Merci encore et à très bientôt!
Stéphane

Publié le 10 Mars 2023
2.4
Pas le même trip que Noé. Et (pour les futurs lecteurs), à mon avis il ne faut pas se faire influencer par le premier chapitre qui est assez crispant ! (pas facile quand on voit votre profil d’accorder le moindre crédit à ce langage caricaturé d’ado) Une fois passé donc, c’est une intrigue très bien pensée et exécutée et on rentre dedans avec plaisir. C’est malin, il y a le goût évident que vous avez pour la peinture, de très belles descriptions, on sent l’amateur passionné. Et Venice beach for ever et le Japon, vous êtes inarrêtable. Et ces réflexions sur le faux, le goût du beau, le story telling comme on dit maintenant, bien vues.

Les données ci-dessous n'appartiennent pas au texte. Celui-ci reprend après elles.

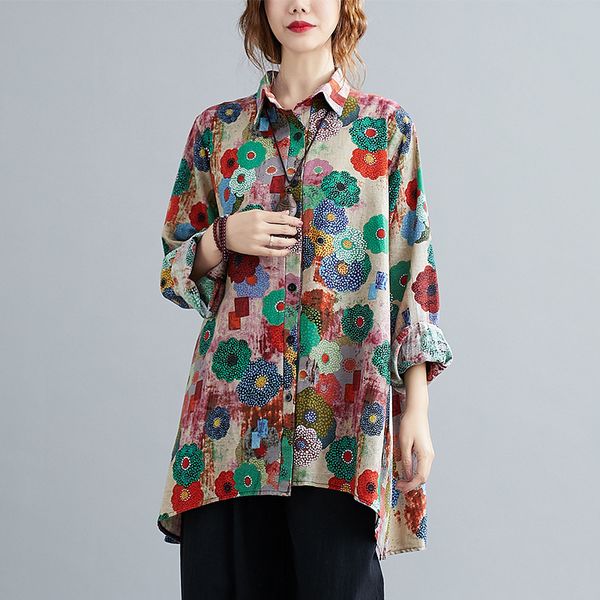 

johnature casual print flowers shirts spring turn-down collar long sleeve loose women blouse all-match 210521, White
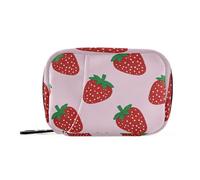 Bolsa médica falsa con purpurina de dibujos animados rosa fresa con compartimentos desmontables, prácticos pastilleros, organizadores para bolso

Bon, un ou deux personnages qui semblent un peu raccrochés des wagons, on a le sentiment que vous avez du mal à leur donner vraiment corps, quelques longues diversions et descriptions dont on a la faiblesse de penser qu’on peut s’en passer, plus motivé par la poursuite du scénario et des personnages centraux au récit, des exagérations ici ou là, les rêves par exemple, et on avance curieux. Mais j’aurais vu plus de panache à la fin. Mais surtout, bravo, un sujet évidemment passionnant, que vous traitez avec passion, quelques très belles pages sur l’art, le japon, et ses arts.